Task description –
Repeat exactly the lines of the records below, starting at the line containing "enduro digital images, endurodigitalimages, event" and ending at the line containing "1749 HYLAND CREEK CIR". Leave the pictures out.

--- Data provided ---

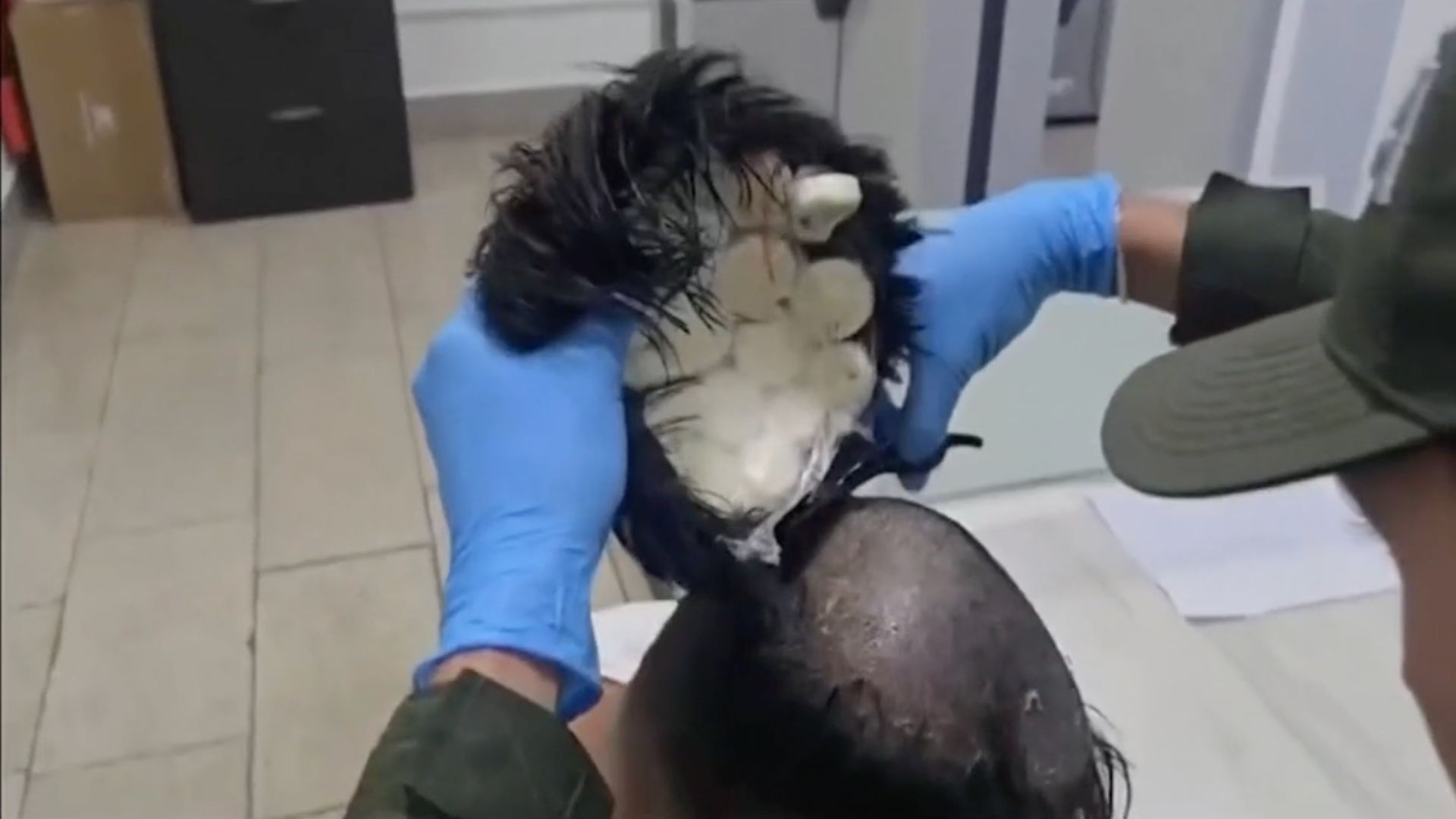 Descubren 400 dosis de cocaína ocultas en una peluca en el aeropuerto de Cartagena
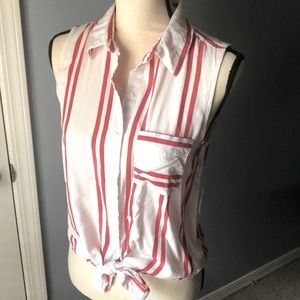 Sleeveless shirt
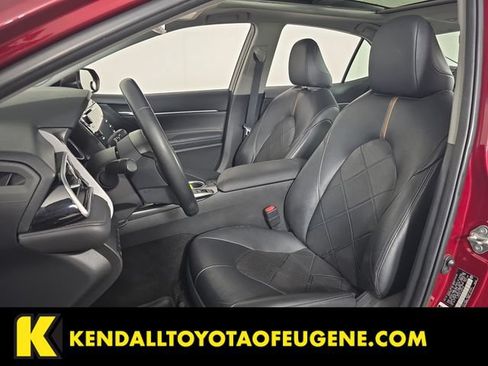 Used 2018 Toyota Camry XLE w/ Driver Assist Package FWD image 22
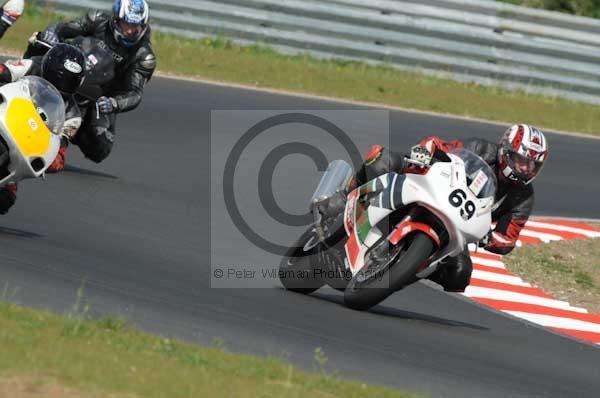 enduro digital images, endurodigitalimages, event digital images, eventdigitalimages, no limits, peter wileman photography, racing digital images, trackday digital images, trackday photos, vmcc banbury run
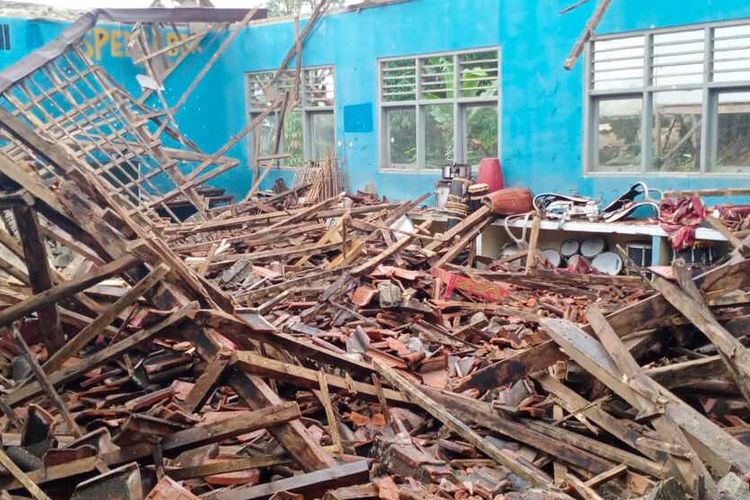 Atap Laboratorium IPA SMPN 1 Cibeber, Kabupaten Lebak ambruk Selasa (23/11/2021).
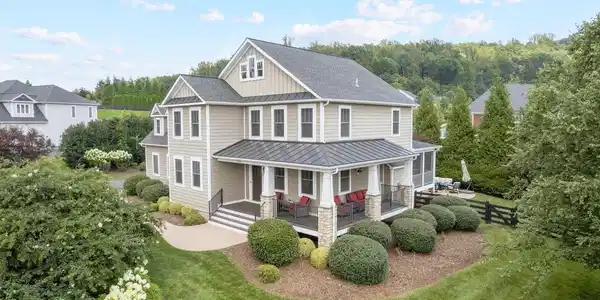 1749 HYLAND CREEK CIR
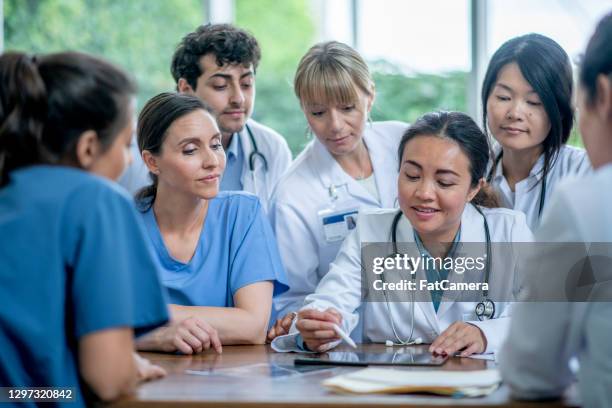 let's take a closer look at the human anatomy - civilian stock pictures, royalty-free photos & images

---

Worked solution –
 enduro digital images, endurodigitalimages, event digital images, eventdigitalimages, no limits, peter wileman photography, racing digital images, trackday digital images, trackday photos, vmcc banbury run
 Atap Laboratorium IPA SMPN 1 Cibeber, Kabupaten Lebak ambruk Selasa (23/11/2021).
 1749 HYLAND CREEK CIR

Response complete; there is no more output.